From mboxrd@z Thu Jan  1 00:00:00 1970
From: Benjamin Herrenschmidt <benh@kernel.crashing.org>
Date: Tue, 10 Nov 2015 02:04:36 +0000
Subject: Re: [PATCH v4 0/6] virtio core DMA API conversion
Message-Id: <1447121076.31884.61.camel@kernel.crashing.org>
List-Id: <sparclinux.vger.kernel.org>
References: <cover.1446162273.git.luto@kernel.org>
	<20151109133624-mutt-send-email-mst@redhat.com>
	<1447109937.31884.42.camel@kernel.crashing.org>
	<CALCETrX7Gkw3WrBHff=TpCFHj444E8hHcR6sAqOghQFBo5wp_A@mail.gmail.com>
In-Reply-To: <CALCETrX7Gkw3WrBHff=TpCFHj444E8hHcR6sAqOghQFBo5wp_A@mail.gmail.com>
MIME-Version: 1.0
Content-Type: text/plain; charset="utf-8"
Content-Transfer-Encoding: 8bit
To: Andy Lutomirski <luto@amacapital.net>
Cc: Joerg Roedel <jroedel@suse.de>, KVM <kvm@vger.kernel.org>, linux-s390 <linux-s390@vger.kernel.org>, "Michael S. Tsirkin" <mst@redhat.com>, Sebastian Ott <sebott@linux.vnet.ibm.com>, "linux-kernel@vger.kernel.org" <linux-kernel@vger.kernel.org>, Christoph Hellwig <hch@lst.de>, Christian Borntraeger <borntraeger@de.ibm.com>, Andy Lutomirski <luto@kernel.org>, sparclinux@vger.kernel.org, Paolo Bonzini <pbonzini@redhat.com>, Linux Virtualization <virtualization@lists.linux-foundation.org>, David Woodhouse <dwmw2@infradead.org>, "David S. Miller" <davem@davemloft.net>, Martin Schwidefsky <schwidefsky@de.ibm.com>

On Mon, 2015-11-09 at 16:46 -0800, Andy Lutomirski wrote:
> The problem here is that in some of the problematic cases the virtio
> driver may not even be loaded.  If someone runs an L1 guest with an
> IOMMU-bypassing virtio device and assigns it to L2 using vfio, then
> *boom* L1 crashes.  (Same if, say, DPDK gets used, I think.)
> 
> >
> > The only way out of this while keeping the "platform" stuff would be to
> > also bump some kind of version in the virtio config (or PCI header).
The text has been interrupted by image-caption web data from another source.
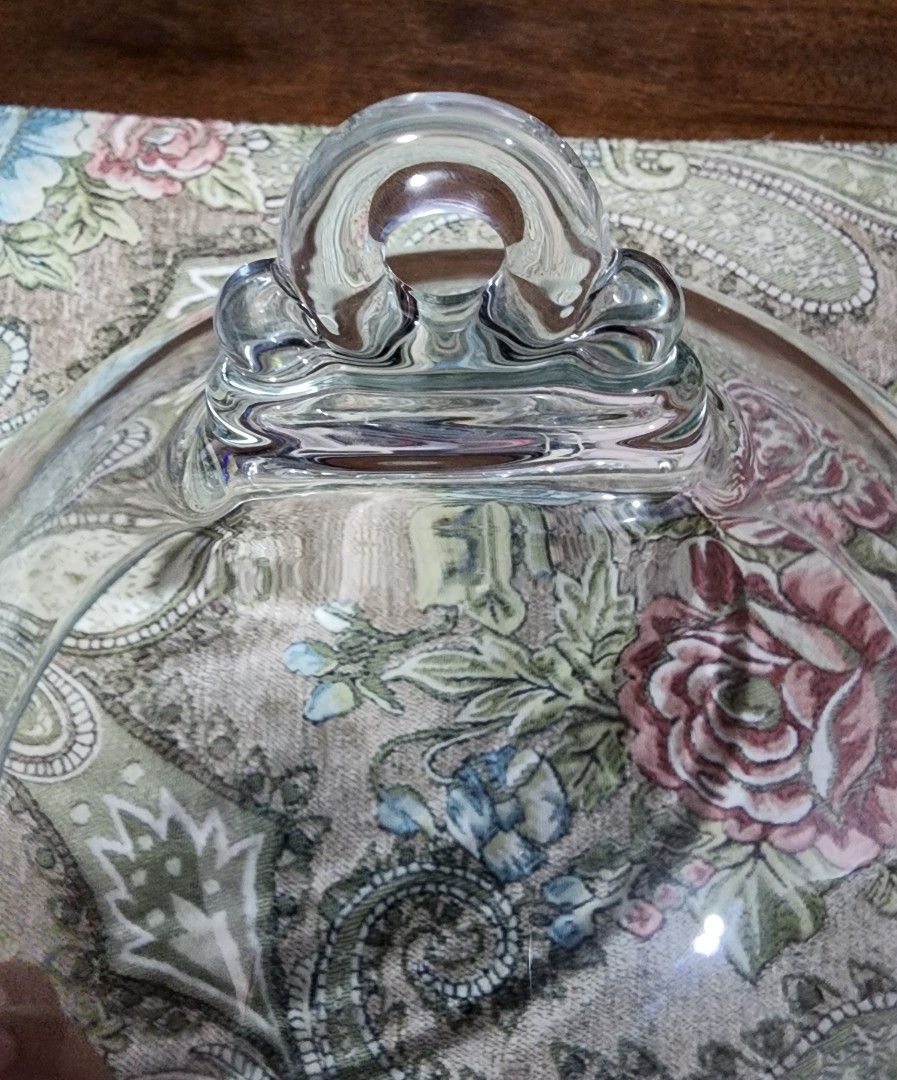 SALE❗️Glass Cake Cover (Category: Food Organization & Storage) located in Quezon City. Submitted by senyoramaria (Listing ID 1331392919, Image 3). Description: Glass Cover Only Can be used for cake, pastries or any food at your table. 22cm in diameter (8.6 inches) 9cm height Makapal ung glass, mabigat. With minimal scratches. Php700❗️.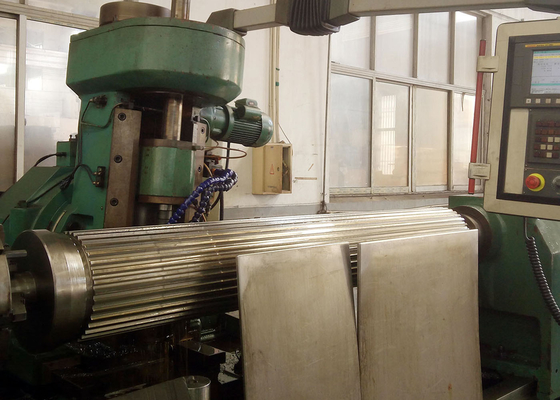 Trục then hoa răng nghiêng mài bằng thép hợp kim 20CrMnTi tùy chỉnh DIN 5480
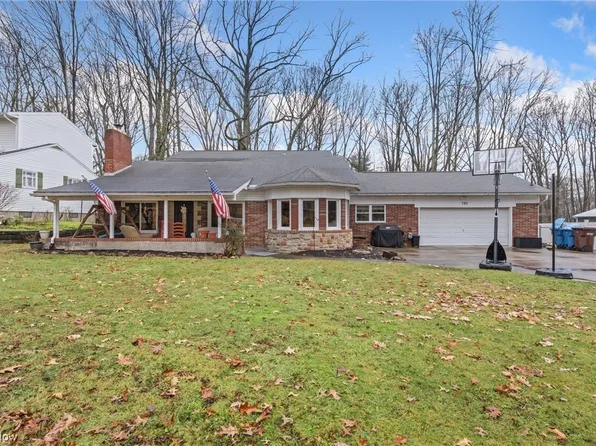 793 Fairwood Rd, Akron, OH 44319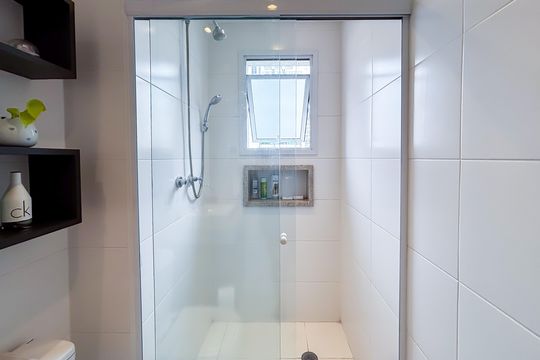 Comprar apartamento em Pinheiros com 3 quartos e varanda gourmet. — Banheiro Social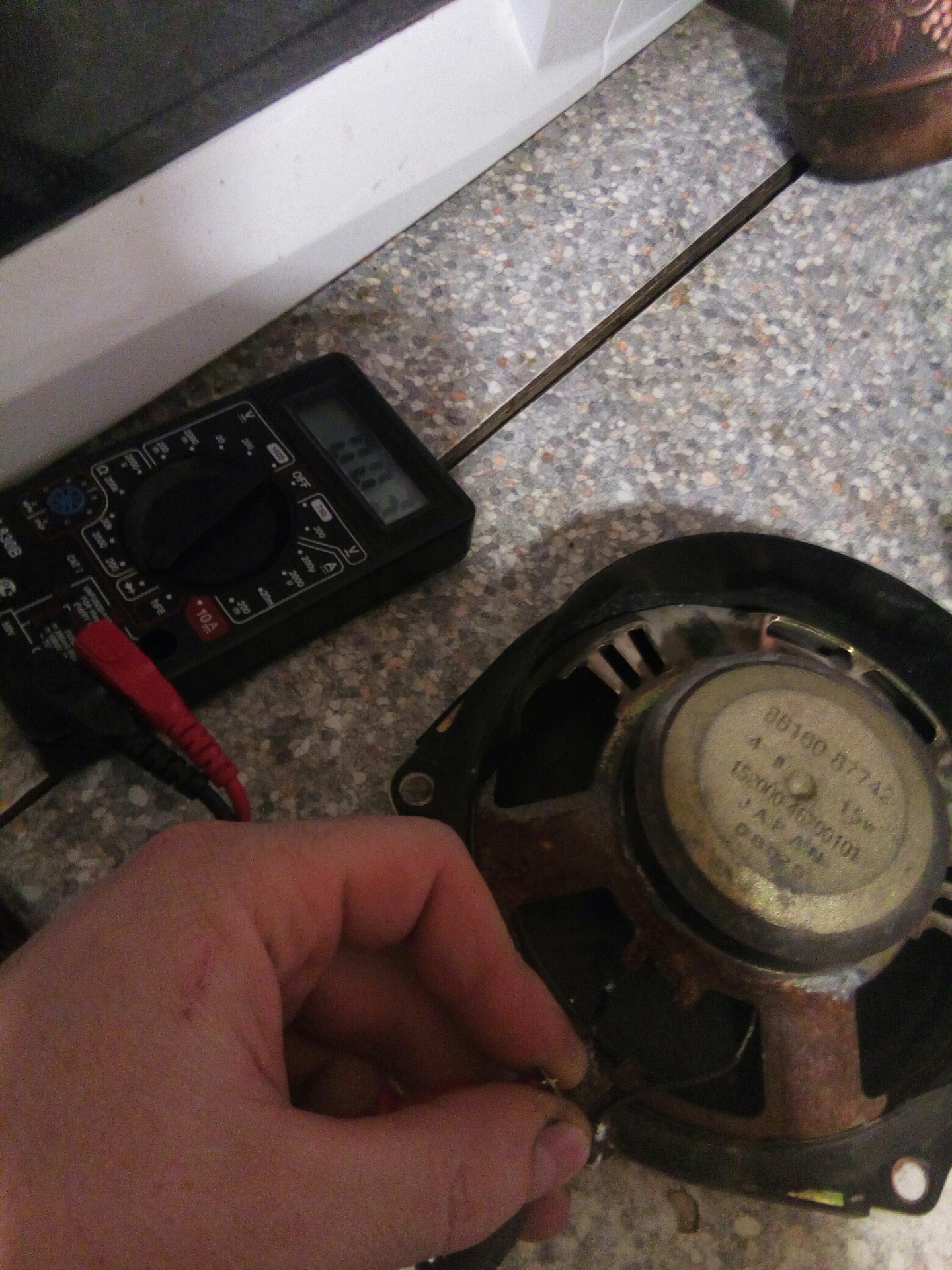 Если телефон намок. Смартфон с вынимающейся батареей. Экран айфона после попадания влаги. Не работает динамик в воде. В динамик телефона попала вода.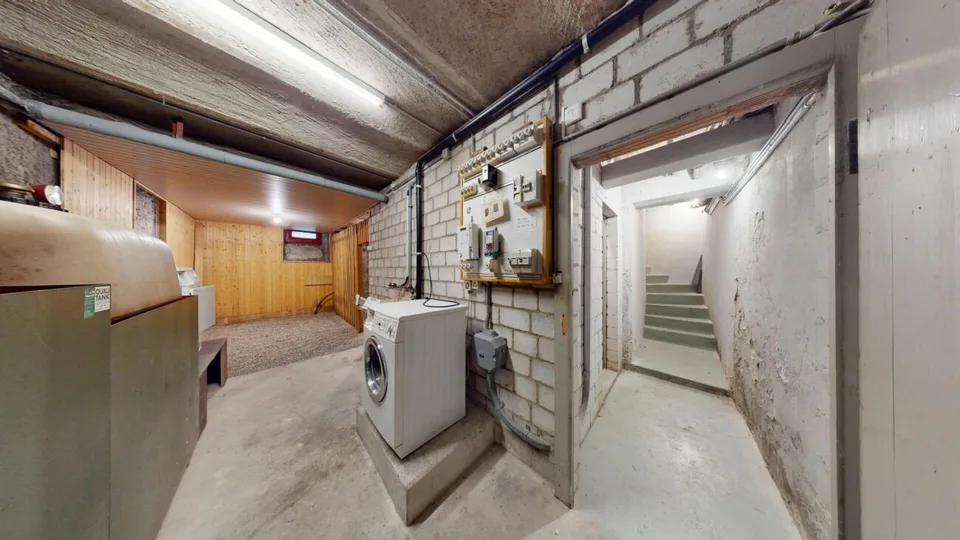 Detached spacious wonder with large extension and enormous potential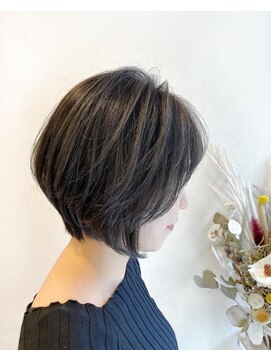 イソラヘアアトリエ(Isola hair atelier) 【Isola】大人×前下がりショート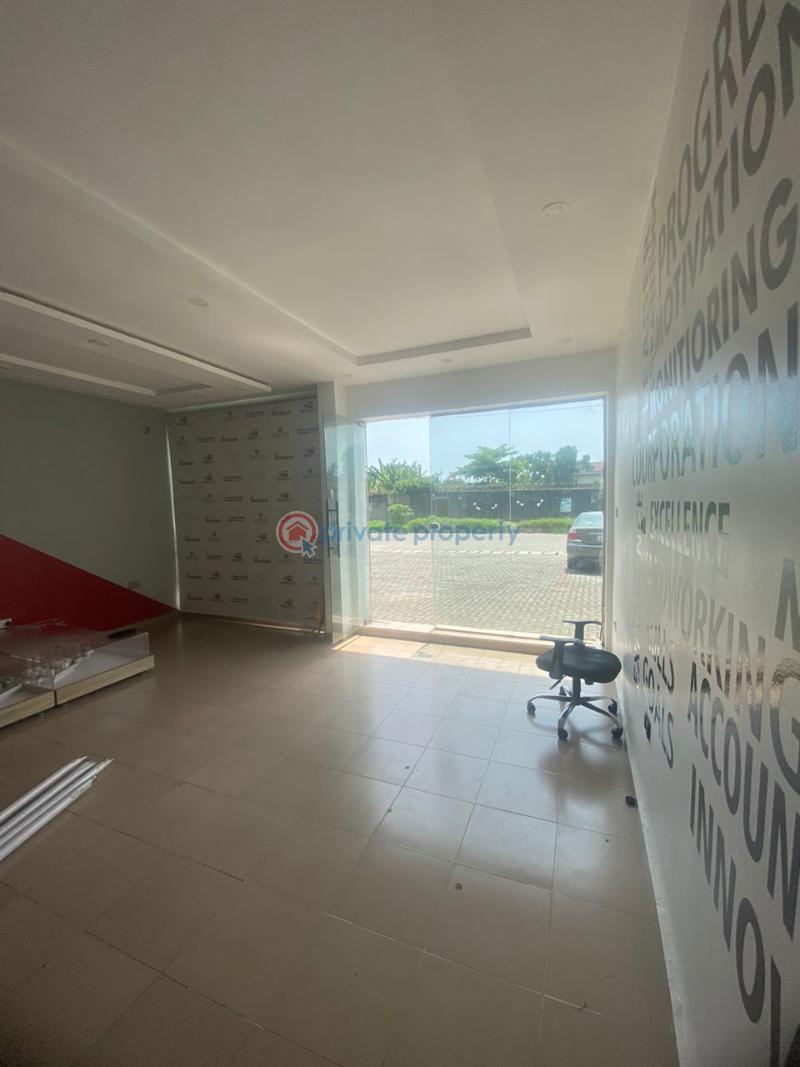 Shop For Rent Lekki Phase 1 Lagos - 3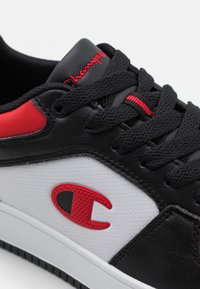 Champion LOW CUT SHOE RD18 2.0 LOW - Scarpe da basket - black/white/red
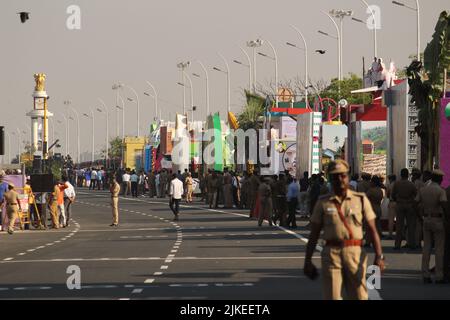 Chennai, Tamilnadu / India - Gennaio 01 2020 : funzionari e persone della polizia si stanno preparando a vedere funzioni o sfilate presso la spiaggia di Chennai Marina sull'occa Foto Stock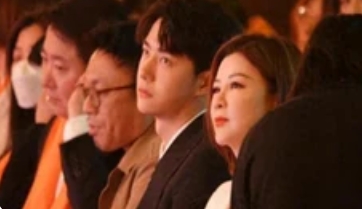 王一博：乐华娱乐的“营收密码”与隐 忧_现代网新闻频道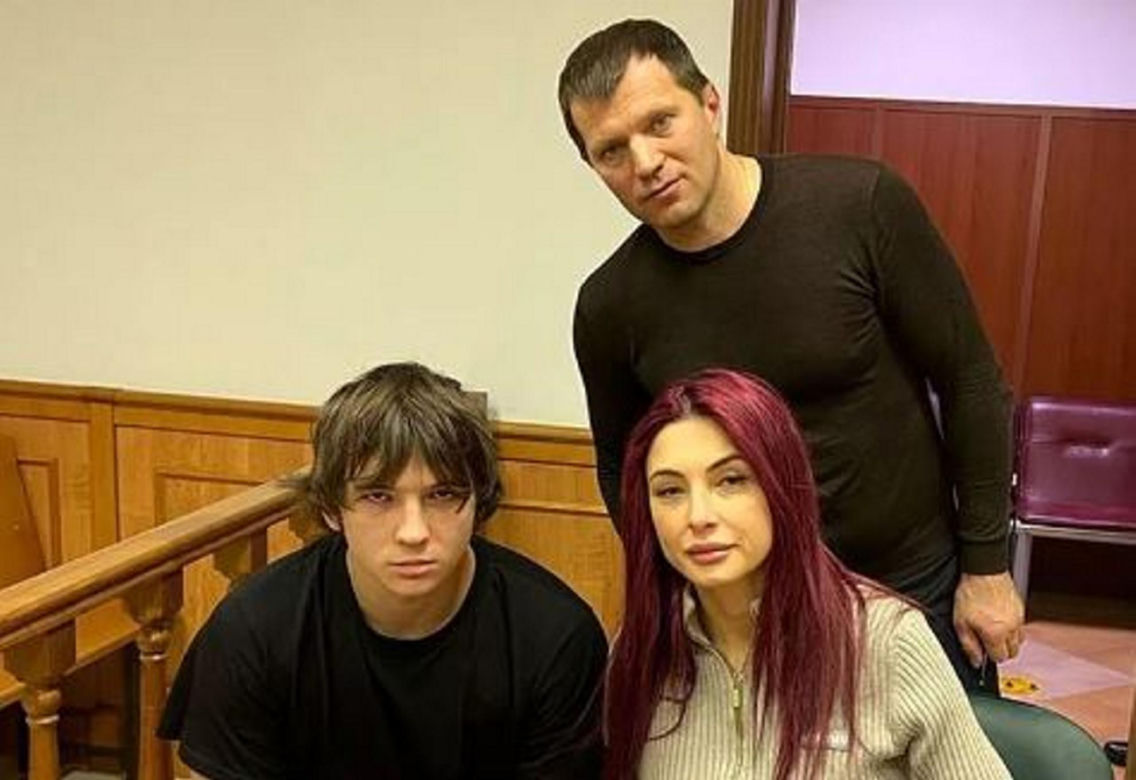 Raper imprezował w samej skarpecie na penisie! Putin srogo go pokarał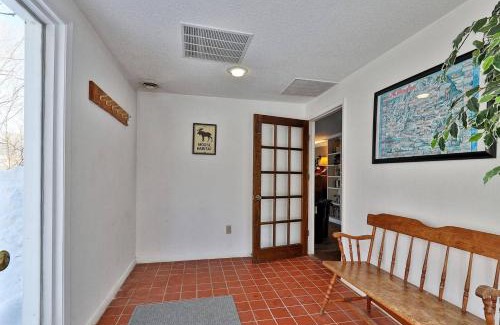 Killington House | Rustic 3 bedroom home Moose Lodge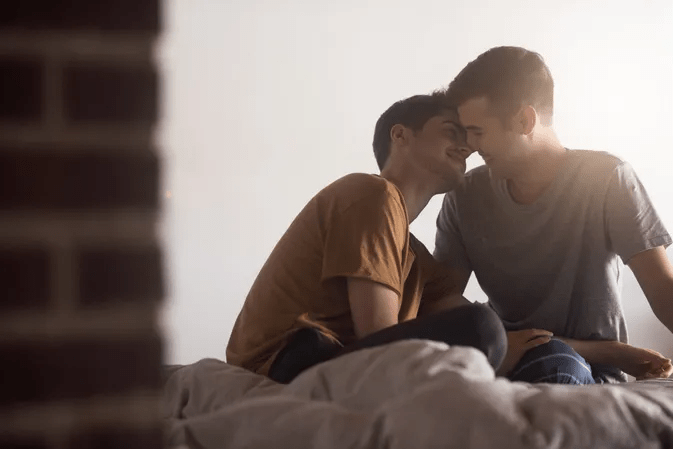 和朋友擦槍走火 該如何經營好聚好散的炮友關係(上)-NICEGAY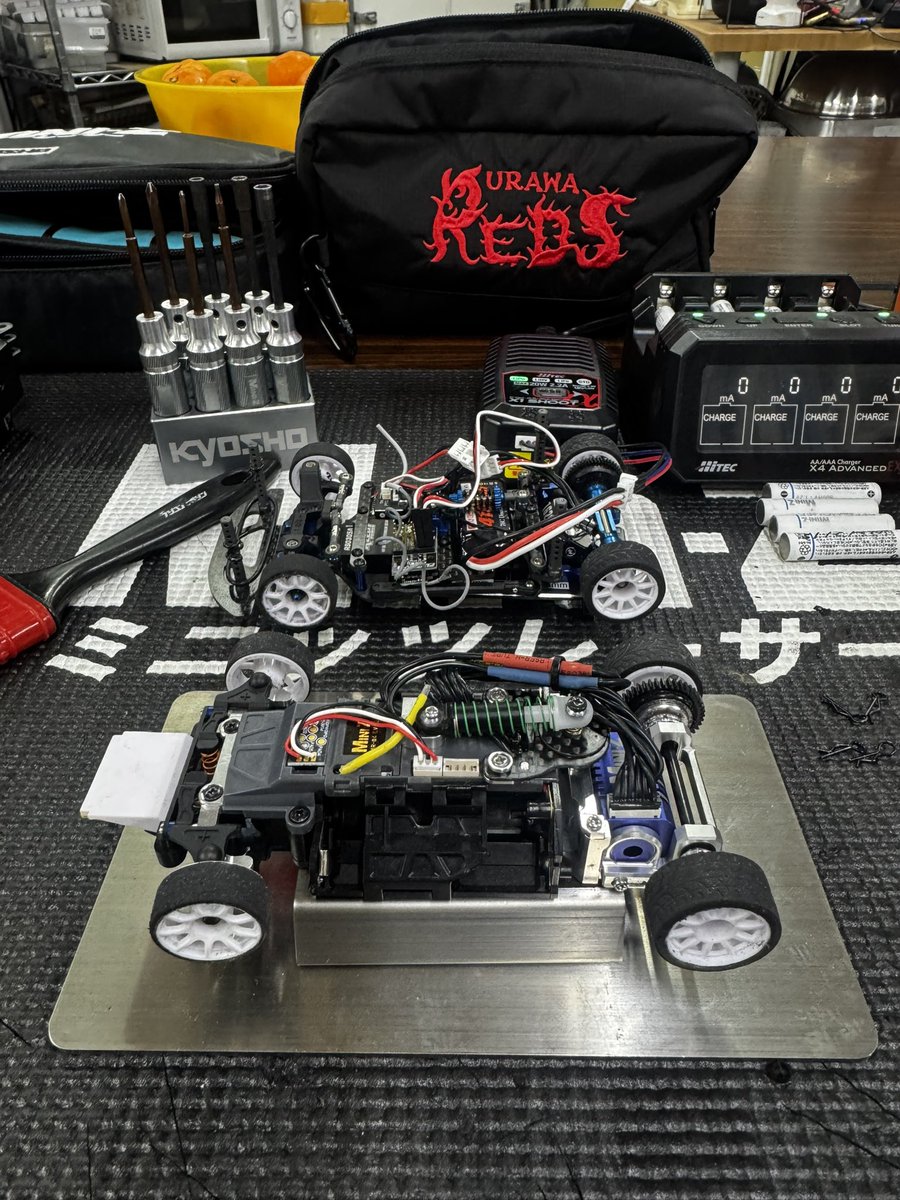 RC56522's tweet photo. 今日も練習💨
@Team_Associated
#ラジコン
#miniz
#ミニッツ
#京商
#minirc
#associated
#アソシ
#flysky https://t.co/FlVUeVhF6E
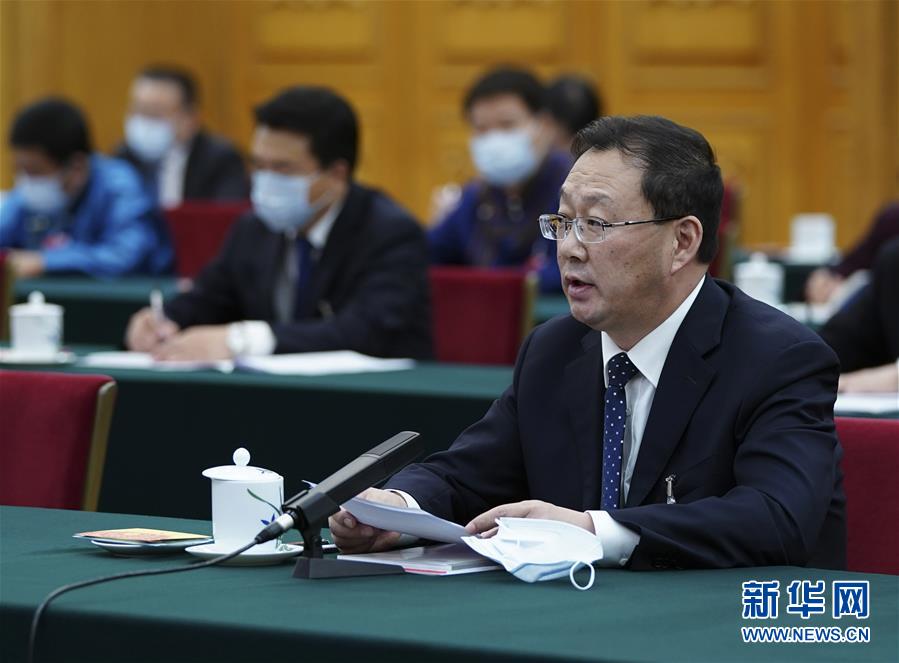 （新華全媒頭條·圖文互動）（9）從人民中汲取磅礴力量——習(xí)近平總書記同出席2020年全國兩會人大代表、政協(xié)委員共商國是紀(jì)實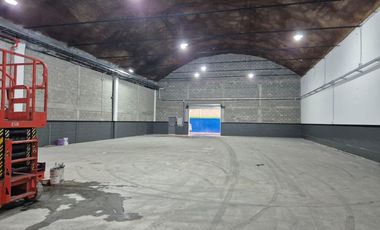 DEPOSITO DE 490 M2 EN INMEJORABLE UBICACION SOBRE PANAMERICANA OLIVOS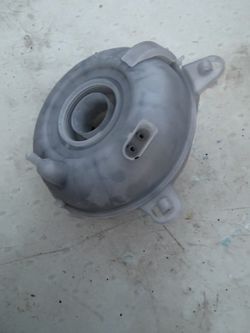 Coolant Expansion Tank Reservoir Volkswagen /Audi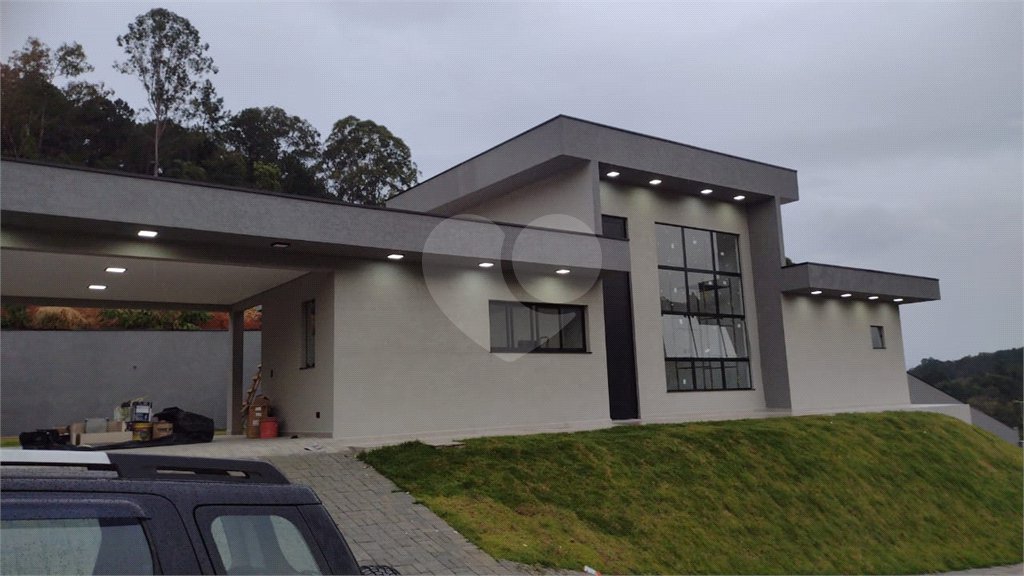 Casa à venda com 3 quartos, sendo 1 suíte, em Condominio Quintas da Boa Vista, Atibaia, SP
I
> > have no other way to differenciate between "this is an old qemu that
> > doesn't do the 'bypass property' yet" from "this is a virtio device
> > that doesn't bypass".
> >
> > Any better idea ?
> 
> I'd suggest that, in the absence of the new DT binding, we assume that
> any PCI device with the virtio vendor ID is passthrough on powerpc.  I
> can do this in the virtio driver, but if it's in the platform code
> then vfio gets it right too (i.e. fails to load).

The problem is there isn't *a* virtio vendor ID. It's the RedHat vendor
ID which will be used by more than just virtio, so we need to
specifically list the devices.

Additionally, that still means that once we have a virtio device that
actually uses the iommu, powerpc will not work since the "workaround"
above will kick in.

The "in absence of the new DT binding" doesn't make that much sense.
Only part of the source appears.